D. Unsur-unsur Pemberdayaan
Masyarakat
Upaya pemberdayaan masyarakat
perlu memperhatikan sedikitnya 4 (empat) unsur pokok, yaitu:
1)
Aksesibilitas informasi, karena
informasi merupakan kekuasaan baru kaitannya dengan: peluang, layanan,
penegakan hukum, efektivitas negosiasi dan akuntabilitas.
2)
Keterlibatan atau partisipasi
yang menyangkut siapa yang dilibatkan dan bagaimana mereka terlibat dalam
keseluruhan proses pembangunan.
3)
Akuntabilitas, kaitannya dengan
pertanggungjawaban publik atas segala kegiatan yang dilakukan dengan
mengatas-namakan rakyat.
4)
Kapasitas organisasi lokal,
kaitannya dengan kemampuan bekerjasama, mengorganisir warga masyarakat, serta
mobilisasi sumberdaya untuk memecahkan masalah-masalah yang mereka hadapi.
E. Syarat Tercapainya Tujuan
Pemberdayaan Masyarakat
Untuk mencapai tujuan-tujuan
pemberdayaan masyarakat terdapat tiga jalur kegiatan yang harus dilaksanakan,
yaitu:
1)
Menciptakan suasana atau iklim
yang memungkinkan potensi masyarakat untuk berkembang.
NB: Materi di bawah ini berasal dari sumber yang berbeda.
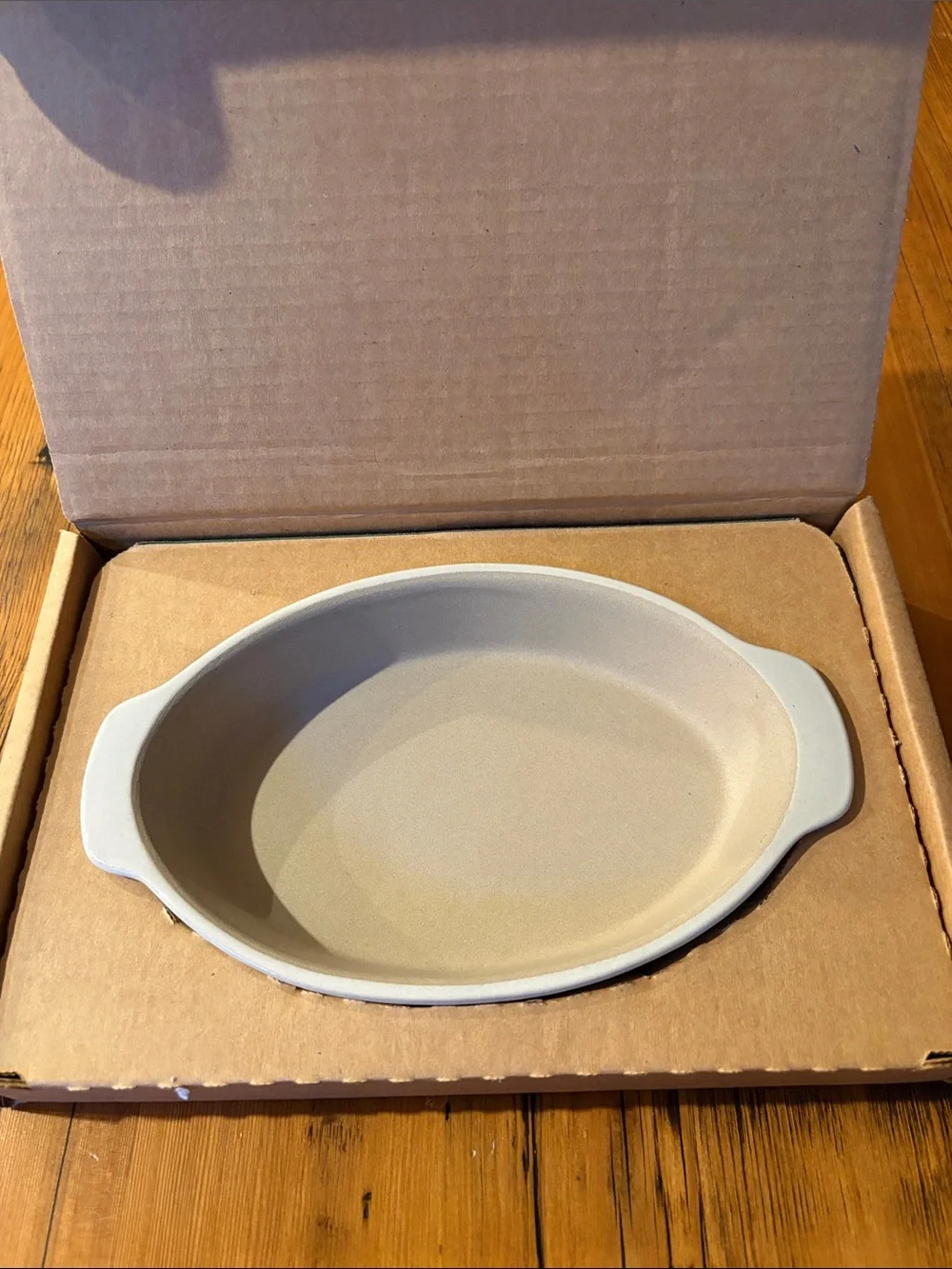 The Pampered Chef Small Oval Baker in Tan Beige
Titik tolaknya adalah,
pengenalan bahwa setiap manusia dan masyarakatnya memiliki potensi (daya) yang
dapat dikembangkan.
2)
Pemberdayaan adalah upaya untuk
membangun daya itu, dengan mandorong, memberikan motivasi dan mebangkitkan
kesadaran akan potensi yang dimilikinya, serta berupaya untuk engembangkannya.
3)
Memperkuat potensi atau daya
yang dimiliki masyarakat (empowering).
Dalam rangka ini, diperlukan
langkah-langkah lebih positif dan nyata, penyediaan berbagai masukan (input),
serta pembukaan akses kepada berbagai peluang yang akan membuat masyarakat
menjadi makin dalam berdaya memanfaatkan peluang.
Memberdayakan mengandung pula
arti melindungi, sehingga dalam proses pemberdayaan harus dicegah yang lemah
agar tidak bertambah lemah. Karena itu, diperlukan strategi pembangunan yang
memberikan perhatian lebih banyak (dengan mempersiapkan) lapisan masyarakat
yang masih tertinggal dan hidup di luar atau di pinggiran jalur kehidupan
modern. Strategi ini perlu lebih dikembangkan yang intinya adalah bagaimana
rakyat lapisan bawah (grassroots) harus dibantu agar lebih berdaya, sehingga
tidak hanya dapat meningkatkan kapasitas produksi dan kemampuan masyarakat
dengan memanfaatkan potensi yang dimiliki, tetapi juga sekaligus meningkatkan kemampuan
ekonomi nasional (Sumodiningrat, 1995).
Upaya pemberdayaan masyarakat
perlu mengikut-sertakan semua potensi yang ada pada masyarakat. Dalam hubungan
ini, pemerintah daerah harus mengambil peranan lebih besar karena mereka yang
paling mengetahui mengenai kondisi, potensi, dan kebutuhan masyarakatnya.
F. Penguatan Kapasitas
Masyarakat
Penguatan kapasitas adalah
proses peningkatan kemampuan individu, kelompok, organisasi dan kelembagaan
yang lain untuk memahami dan melaksanakan pembangunan dalam arti luas secara
berkelanjutan.
Dalam pengertian tersebut, terkandung pemahaman bahwa:
1)
Yang dimaksud dengan kapasitas
adalah kemampuan (individu, kelompok, organisasi dan kelembagaan yang lain)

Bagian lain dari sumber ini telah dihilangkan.